The species brings to mind the wealth-born river monster in America’s headlines, his color that of copper tubing, now consuming everything in Washington he can wrap his jaws around.
Megalo Don.
Remember when he once pledged to “drain the swamp”?
Turns out the eco-function he had in mind, rather than removing grime and corruption, was to be the greatest bottom-feeder in political history.
The other day, mocking the He-Man sway credited to Mr. Marmalade in recent Republican primaries, former Washington Post star columnist Jennifer Rubin, now on Substack, issued a resounding, “Pshaw.”
The assumption, she writes, that the president “remains a powerhouse in American politics” is defied by just about any number you choose.

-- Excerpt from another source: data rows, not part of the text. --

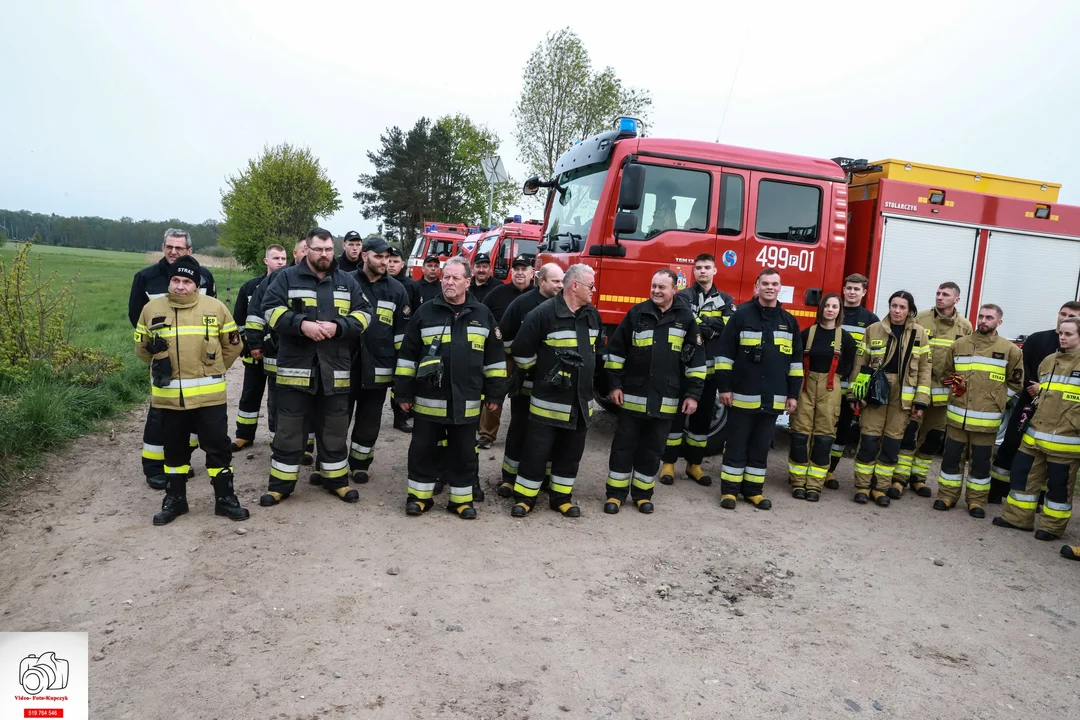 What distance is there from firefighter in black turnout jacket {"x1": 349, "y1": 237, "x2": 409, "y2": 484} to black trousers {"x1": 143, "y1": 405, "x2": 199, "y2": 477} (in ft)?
3.96

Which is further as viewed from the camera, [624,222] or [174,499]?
[624,222]

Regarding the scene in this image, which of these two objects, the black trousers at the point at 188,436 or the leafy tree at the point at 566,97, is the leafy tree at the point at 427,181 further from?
the black trousers at the point at 188,436

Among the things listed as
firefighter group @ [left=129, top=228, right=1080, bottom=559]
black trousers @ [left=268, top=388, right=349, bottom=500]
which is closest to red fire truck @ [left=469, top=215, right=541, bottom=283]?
firefighter group @ [left=129, top=228, right=1080, bottom=559]

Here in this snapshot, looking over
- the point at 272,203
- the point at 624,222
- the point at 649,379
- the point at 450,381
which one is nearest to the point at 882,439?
the point at 649,379

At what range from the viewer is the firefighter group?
474cm

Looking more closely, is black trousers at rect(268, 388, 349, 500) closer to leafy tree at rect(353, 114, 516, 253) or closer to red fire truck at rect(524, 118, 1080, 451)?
red fire truck at rect(524, 118, 1080, 451)

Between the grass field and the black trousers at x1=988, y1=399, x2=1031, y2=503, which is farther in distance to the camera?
the black trousers at x1=988, y1=399, x2=1031, y2=503

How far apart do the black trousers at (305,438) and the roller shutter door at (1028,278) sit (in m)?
6.87

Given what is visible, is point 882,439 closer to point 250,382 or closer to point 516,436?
point 516,436

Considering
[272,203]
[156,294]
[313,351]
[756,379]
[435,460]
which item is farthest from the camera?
[272,203]

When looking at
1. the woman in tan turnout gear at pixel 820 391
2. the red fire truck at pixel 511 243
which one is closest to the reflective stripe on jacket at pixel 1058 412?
the woman in tan turnout gear at pixel 820 391

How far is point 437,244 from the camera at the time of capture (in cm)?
1909

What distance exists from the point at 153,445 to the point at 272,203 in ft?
91.8

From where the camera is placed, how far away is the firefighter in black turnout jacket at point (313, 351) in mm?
4797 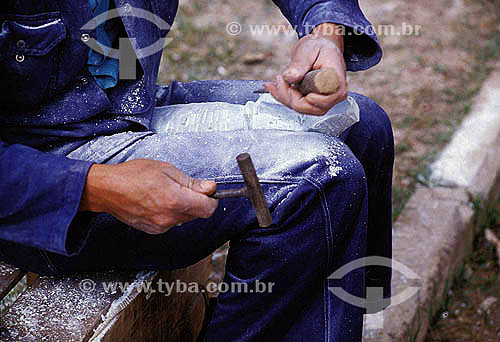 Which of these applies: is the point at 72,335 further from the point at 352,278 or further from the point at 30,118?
the point at 352,278

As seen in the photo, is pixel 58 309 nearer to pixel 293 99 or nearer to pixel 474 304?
pixel 293 99

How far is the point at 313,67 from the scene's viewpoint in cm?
158

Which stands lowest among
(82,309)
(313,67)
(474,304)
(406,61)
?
(474,304)

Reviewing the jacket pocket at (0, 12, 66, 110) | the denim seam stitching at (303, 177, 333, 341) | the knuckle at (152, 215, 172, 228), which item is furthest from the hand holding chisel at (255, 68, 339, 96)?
the jacket pocket at (0, 12, 66, 110)

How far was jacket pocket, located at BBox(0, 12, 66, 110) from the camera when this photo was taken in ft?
4.42

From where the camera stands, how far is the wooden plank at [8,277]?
1.49 metres

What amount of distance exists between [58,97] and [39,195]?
1.19 ft

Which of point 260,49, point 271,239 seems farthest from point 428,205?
point 260,49

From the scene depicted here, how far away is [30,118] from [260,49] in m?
2.97

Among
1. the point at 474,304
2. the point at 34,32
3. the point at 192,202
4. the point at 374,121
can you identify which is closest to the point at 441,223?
the point at 474,304

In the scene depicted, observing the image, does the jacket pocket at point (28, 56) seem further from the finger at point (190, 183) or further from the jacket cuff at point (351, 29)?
the jacket cuff at point (351, 29)

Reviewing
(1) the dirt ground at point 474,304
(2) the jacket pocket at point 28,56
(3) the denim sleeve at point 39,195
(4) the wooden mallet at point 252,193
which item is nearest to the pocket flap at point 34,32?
(2) the jacket pocket at point 28,56

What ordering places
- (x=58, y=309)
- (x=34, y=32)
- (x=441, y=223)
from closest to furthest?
(x=34, y=32), (x=58, y=309), (x=441, y=223)

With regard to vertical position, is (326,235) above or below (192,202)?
below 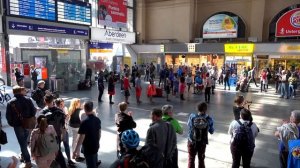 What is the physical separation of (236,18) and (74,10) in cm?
1347

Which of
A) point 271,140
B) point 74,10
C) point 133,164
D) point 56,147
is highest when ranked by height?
point 74,10

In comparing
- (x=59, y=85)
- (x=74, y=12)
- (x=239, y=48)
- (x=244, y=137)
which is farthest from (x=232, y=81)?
(x=244, y=137)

“Instead of a colossus, he has become a big fish in a shrinking, fetid pond of MAGA loyalists,” writes Rubin.
So true. Though Kentucky Congressman Thomas Massie lost his bid for re-election at the king’s command, orders to behead Massie for challenging the king on releasing the Epstein Files fell on a bunch of deaf ears. Republican ears.
For Massie to get 45 percent in a deep-red district says everything about the tint and taint with which the heartland has come to perceive the Great Goldfish.
The latest Gallup Poll shows 76 of Americans say the economy has gone from bad to worse.
To observe President Goldie’s cavalcade of distractions, you’d think we are in a new Eisenhower era: at peace, a nation swimming in prosperity and low prices.
He really does want his legacy to be that bullet-proof ballroom.
He really does think blue-glossing the Lincoln Memorial Reflecting Pool was a 2024 mandate.
He really does think a $100 million “triumphal arch” is just what the nation needs.
Imagine any president who, facing the challenges this one ought, would spend even a second on any of this, much less a combined $1.4 billion taxpayer tab – Forbes Magazine’s estimate for his “vanity projects.”
And then, the greatest monument ever to presidential corruption: the unchecked $1.8 billion slush fund for Jan. 6 cop-beaters and varied Big Lie foot soldiers.
Back to giant goldfish — and if you’ve Googled an image, you know “giant” is an understatement.
Where did they come from? They came from wealth — from aquaria owners who set them free. Voracious eaters, with stunning lifespans compared to the toilet bowl-bound kind, they’ve become a problem in places like the Great Lakes.
You might compare them to today’s new 1 percenters who think they can rule any body of water they inhabit.
Jeff Bezos says he doesn’t need to pay more taxes, and if he did, it wouldn’t make any difference. Will his $53 million Italian wedding be a business write-off?
Elon Musk got the keys to our government and left it a flaming Cybertruck, eviscerating any means we have now to combat Ebola on its home court.
Big data dealer Peter Thiel thinks he’s humanity’s savior, while calling climate hero Greta Thunberg the anti-Christ.
Thiel, by way, thinks JD Vance, the eyeliner-heavy empty container he promoted as VP, is best-suited for the White House after the current resident and his Ultimate Fighter throng leave the premises.
Inflated goldies. Bloated. Contaminated by ill-gotten gains.
Whatever their waistband width, we who today must tighten our belts will flex on Election Day the strength in our numbers.